June 18 (Bloomberg) -- Gevo Inc., a U.S. biofuel producer backed by French oil company Total SA and specialty-chemicals maker Lanxess AG, has resumed production at its only commercial isobutanol plant, which shut down in September. The shares surged the most in five months.
One fermenter at Gevo’s Luverne, Minnesota, plant was restarted last month, and the remaining three will be in production by the end of the year, said Chief Executive Officer Patrick Gruber.
Gevo’s sales plummeted 92 percent in the third quarter from the prior period after contamination issues prompted the Englewood, Colorado-based company to halt isobutanol production at Luverne. The single fermenter isn’t running at full capacity and Gruber wouldn’t say how much of the renewable biofuel it’s making.
When the rest of the fermenters are back in operation “the plant will be fully running normally,” Gruber said in an interview yesterday. “We expect ongoing sales and ramping up in the last quarter.” He declined to provide an output forecast for the year.
Gevo gained 20 percent to $2.07 at the close in New York, the most since Jan. 4.

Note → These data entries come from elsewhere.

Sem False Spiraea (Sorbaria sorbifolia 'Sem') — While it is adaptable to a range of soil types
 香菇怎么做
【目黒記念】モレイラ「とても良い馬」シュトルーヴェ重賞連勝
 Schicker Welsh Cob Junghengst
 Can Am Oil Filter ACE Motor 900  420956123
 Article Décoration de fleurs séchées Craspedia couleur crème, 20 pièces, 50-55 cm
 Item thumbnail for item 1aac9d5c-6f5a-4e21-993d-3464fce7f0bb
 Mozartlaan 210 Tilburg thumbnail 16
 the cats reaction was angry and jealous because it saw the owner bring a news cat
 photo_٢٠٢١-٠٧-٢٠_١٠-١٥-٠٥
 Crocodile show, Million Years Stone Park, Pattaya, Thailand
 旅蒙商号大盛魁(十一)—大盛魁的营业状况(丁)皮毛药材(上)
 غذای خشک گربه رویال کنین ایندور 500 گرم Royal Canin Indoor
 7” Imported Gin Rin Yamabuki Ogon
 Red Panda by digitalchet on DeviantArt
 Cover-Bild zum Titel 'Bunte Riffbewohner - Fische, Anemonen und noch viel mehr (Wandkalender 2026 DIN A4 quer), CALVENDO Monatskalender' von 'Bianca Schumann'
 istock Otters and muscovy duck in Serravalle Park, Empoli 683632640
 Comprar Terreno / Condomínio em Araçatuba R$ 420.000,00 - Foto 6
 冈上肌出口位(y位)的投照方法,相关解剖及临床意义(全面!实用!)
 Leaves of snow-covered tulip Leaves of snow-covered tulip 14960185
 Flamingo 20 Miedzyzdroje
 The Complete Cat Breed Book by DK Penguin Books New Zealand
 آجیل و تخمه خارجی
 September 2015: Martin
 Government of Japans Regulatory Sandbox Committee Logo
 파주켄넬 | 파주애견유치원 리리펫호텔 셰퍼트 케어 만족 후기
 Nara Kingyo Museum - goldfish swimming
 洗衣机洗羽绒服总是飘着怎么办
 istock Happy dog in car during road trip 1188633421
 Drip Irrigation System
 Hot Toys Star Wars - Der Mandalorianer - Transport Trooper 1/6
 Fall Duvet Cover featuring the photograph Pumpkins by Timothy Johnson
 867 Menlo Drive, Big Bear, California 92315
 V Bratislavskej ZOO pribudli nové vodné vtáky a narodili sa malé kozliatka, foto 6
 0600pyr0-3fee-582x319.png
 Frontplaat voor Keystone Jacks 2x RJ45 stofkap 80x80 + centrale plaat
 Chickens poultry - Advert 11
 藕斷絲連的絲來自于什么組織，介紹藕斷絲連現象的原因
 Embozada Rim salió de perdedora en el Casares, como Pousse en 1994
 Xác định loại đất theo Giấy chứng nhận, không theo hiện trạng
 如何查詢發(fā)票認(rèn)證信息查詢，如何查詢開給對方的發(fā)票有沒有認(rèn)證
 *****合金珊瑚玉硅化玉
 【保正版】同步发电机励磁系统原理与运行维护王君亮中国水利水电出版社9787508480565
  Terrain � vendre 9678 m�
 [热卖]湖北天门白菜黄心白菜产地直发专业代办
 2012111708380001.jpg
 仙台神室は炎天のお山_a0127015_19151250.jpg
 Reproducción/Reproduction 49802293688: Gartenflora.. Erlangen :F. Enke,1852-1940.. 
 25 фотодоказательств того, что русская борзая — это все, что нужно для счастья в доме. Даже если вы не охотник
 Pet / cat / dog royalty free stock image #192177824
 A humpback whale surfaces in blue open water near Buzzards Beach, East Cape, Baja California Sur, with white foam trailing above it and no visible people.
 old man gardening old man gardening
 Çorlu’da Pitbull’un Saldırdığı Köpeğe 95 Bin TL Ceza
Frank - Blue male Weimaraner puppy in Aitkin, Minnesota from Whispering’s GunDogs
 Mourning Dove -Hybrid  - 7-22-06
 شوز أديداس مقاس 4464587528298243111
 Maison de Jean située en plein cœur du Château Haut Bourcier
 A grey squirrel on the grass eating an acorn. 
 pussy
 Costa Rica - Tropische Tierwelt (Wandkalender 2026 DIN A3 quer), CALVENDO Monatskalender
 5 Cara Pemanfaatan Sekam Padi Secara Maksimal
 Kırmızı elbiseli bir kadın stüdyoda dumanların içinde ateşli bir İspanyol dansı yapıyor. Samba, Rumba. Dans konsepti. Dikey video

When the plant opened in May 2012, the company said it would be able to produce as much as a million gallons (3.8 million liters) of isobutanol a month. When it shut down production four months later, Gevo said it needed to adjust the manufacturing process and that output hadn’t reached expected levels. The plant has an estimated annual capacity of 18 million gallons, according to Gevo’s website.
The facility is now using the proprietary Gevo Integrated Fermentation Technology system, which separates isobutanol from a “broth” in million-liter fermentation tanks, Gruber said. It wasn’t in use when production was halted in September.
“The reason we shut down wasn’t because the technology didn’t work -- we were hit with a microbial contamination,” Gruber said. “Now we are running our GIFT system the way it was designed.”
The company said last month that isobutanol production would resume in the second half of this year, putting Gevo “slightly ahead of schedule,” Gruber said.
Gevo uses corn and plant waste to make isobutanol, a compound that may be blended with gasoline or converted into hydrocarbon fuels and chemicals.